- Developer: Little Bat Games
- Publisher: Little Bat Games
- Director: Cyrus Nemati
- Platforms: Windows; macOS; Linux; Nintendo Switch; PlayStation 4; PlayStation 5;
- Release: Windows, macOS, Linux July 18, 2024 Switch, PlayStation 4, PlayStation 5 February 17, 2026
- Genres: Visual novel, Adventure, Simulation
- Mode: Single-player

= Vampire Therapist =

2024 video game

Vampire Therapist is a 2024 narrative adventure game and visual novel developed and published by Little Bat Games. It was released on July 18, 2024, for Windows, macOS, and Linux, and on February 17, 2026 for Nintendo Switch, PlayStation 4, and PlayStation 5. The game received positive reviews and was nominated for a BAFTA Games Award.

== Gameplay ==
In the game, players take control of Sam Walls, a reformed Wild West gunslinger vampire who becomes a therapist to help other vampires through their psychological struggles. The gameplay combines visual novel elements with educational therapy concepts, specifically cognitive behavioral therapy (CBT). Players learn to identify and address "cognitive distortions" in their vampire clients' thinking patterns, using real therapeutic techniques that have been vetted by licensed therapists.

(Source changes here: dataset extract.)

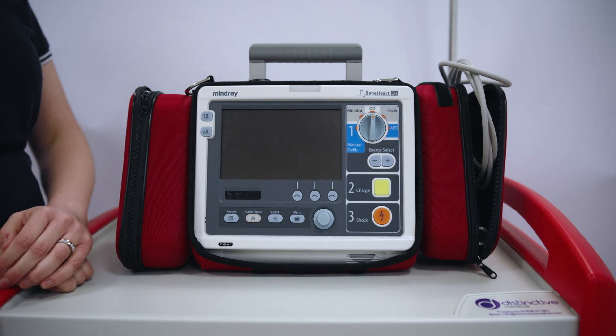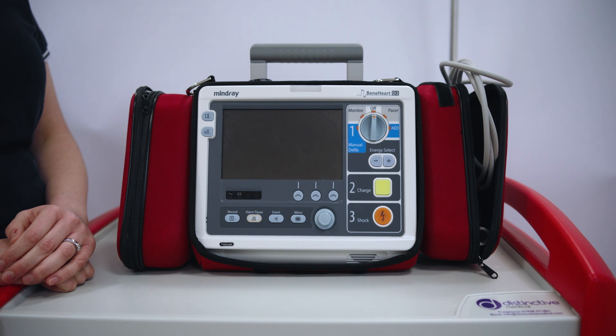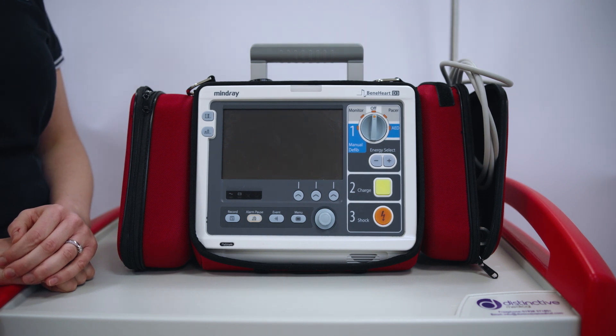This is our D3 defibrillator. You'll find these in Allenbrae unit, Theatres and SAPU. I'm just going to go through some of the functions of the D-fib.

The game features characters from various historical periods, including ancient Greece, Renaissance Italy, Tudor England, and the Bronze Age, each with their own emotional baggage and psychological challenges. Players progress through therapy sessions by selecting appropriate therapeutic responses and concepts to help their clients achieve better mental health.

== Plot ==
Sam Walls is a vampire who was originally a Wild West gunslinger. After centuries of bloodshed and violence, Sam realizes there must be more to immortal existence than "blood, lace, and leather." Seeking a new purpose, he travels to Germany where he meets Andromachos, a 3,000-year-old vampire who has trained in the art of therapy. Under Andromachos's guidance and mentorship, Sam learns therapeutic techniques and begins working with vampire clients in a gothic nightclub setting called Immernacht.

Throughout the game, Sam encounters various vampire clients, each representing different historical periods and psychological challenges. These include self-hating vampires, agoraphobic social media addicts, supernatural narcissists, and victims of centuries-old capitalistic systems. Each client brings their own unique backstory tied to significant historical events and periods, allowing Sam to explore how trauma and psychological patterns persist across centuries of immortal existence.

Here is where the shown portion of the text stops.